Work order
Your reply should contain the whole listing below, repeated exactly, and no images.

Dataset excerpt
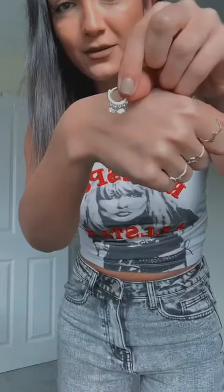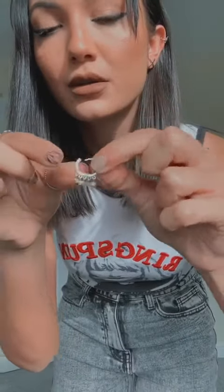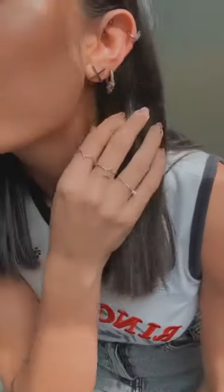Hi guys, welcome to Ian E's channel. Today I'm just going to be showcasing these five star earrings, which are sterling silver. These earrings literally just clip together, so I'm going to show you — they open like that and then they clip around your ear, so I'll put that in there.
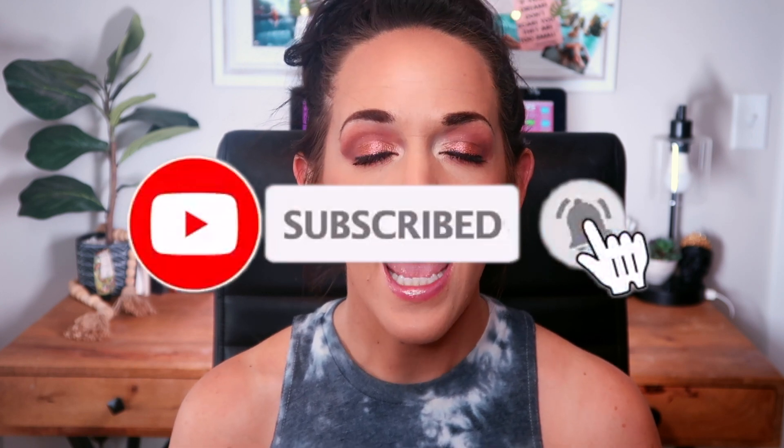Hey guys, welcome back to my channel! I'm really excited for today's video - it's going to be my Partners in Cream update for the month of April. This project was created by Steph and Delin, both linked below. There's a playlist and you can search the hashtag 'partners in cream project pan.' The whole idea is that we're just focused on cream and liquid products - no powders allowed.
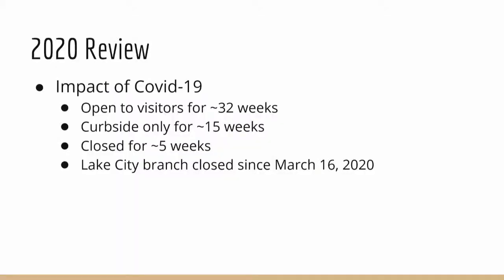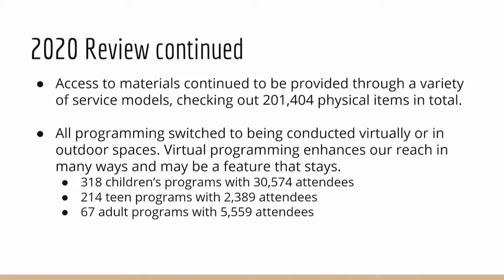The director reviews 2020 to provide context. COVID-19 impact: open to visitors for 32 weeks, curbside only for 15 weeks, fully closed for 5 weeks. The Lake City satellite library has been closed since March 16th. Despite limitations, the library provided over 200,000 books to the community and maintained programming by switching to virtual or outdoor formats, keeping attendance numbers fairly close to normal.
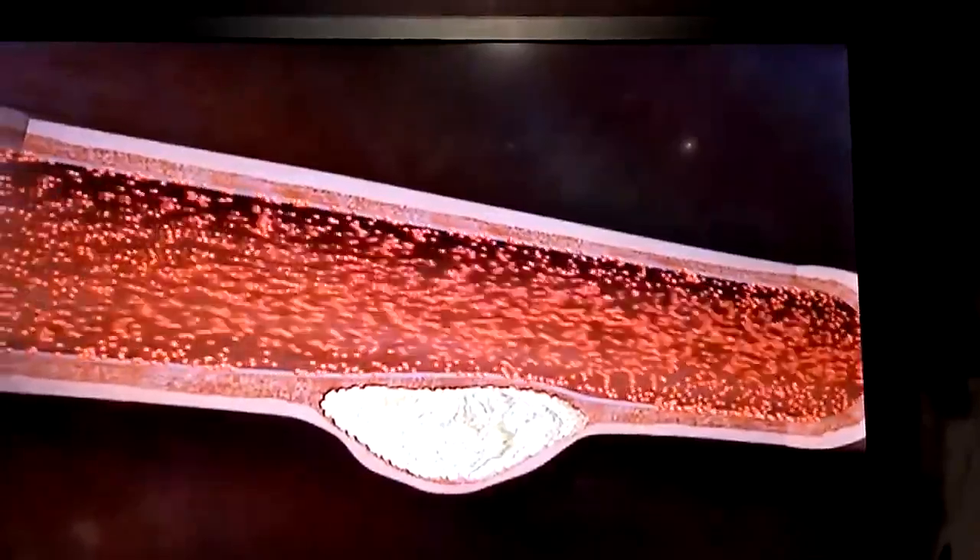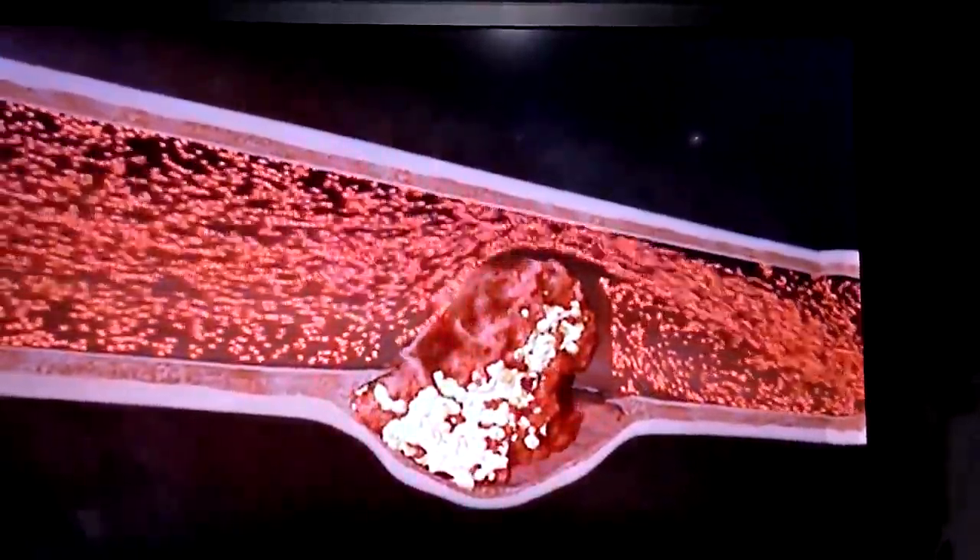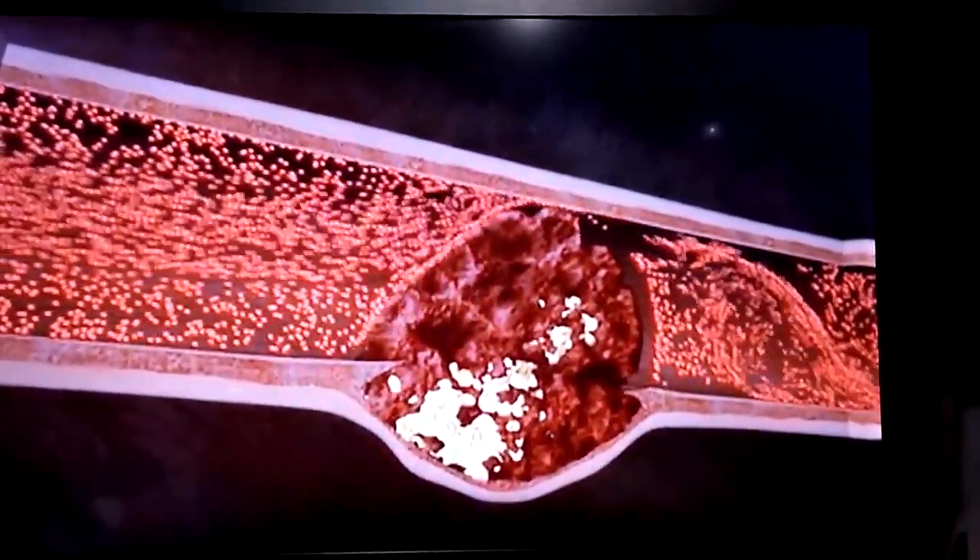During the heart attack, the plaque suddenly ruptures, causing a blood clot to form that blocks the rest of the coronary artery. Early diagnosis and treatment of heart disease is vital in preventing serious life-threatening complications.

Task answer
Hi guys, welcome to Ian E's channel. Today I'm just going to be showcasing these five star earrings, which are sterling silver. These earrings literally just clip together, so I'm going to show you — they open like that and then they clip around your ear, so I'll put that in there.
Hey guys, welcome back to my channel! I'm really excited for today's video - it's going to be my Partners in Cream update for the month of April. This project was created by Steph and Delin, both linked below. There's a playlist and you can search the hashtag 'partners in cream project pan.' The whole idea is that we're just focused on cream and liquid products - no powders allowed.
The director reviews 2020 to provide context. COVID-19 impact: open to visitors for 32 weeks, curbside only for 15 weeks, fully closed for 5 weeks. The Lake City satellite library has been closed since March 16th. Despite limitations, the library provided over 200,000 books to the community and maintained programming by switching to virtual or outdoor formats, keeping attendance numbers fairly close to normal.
During the heart attack, the plaque suddenly ruptures, causing a blood clot to form that blocks the rest of the coronary artery. Early diagnosis and treatment of heart disease is vital in preventing serious life-threatening complications.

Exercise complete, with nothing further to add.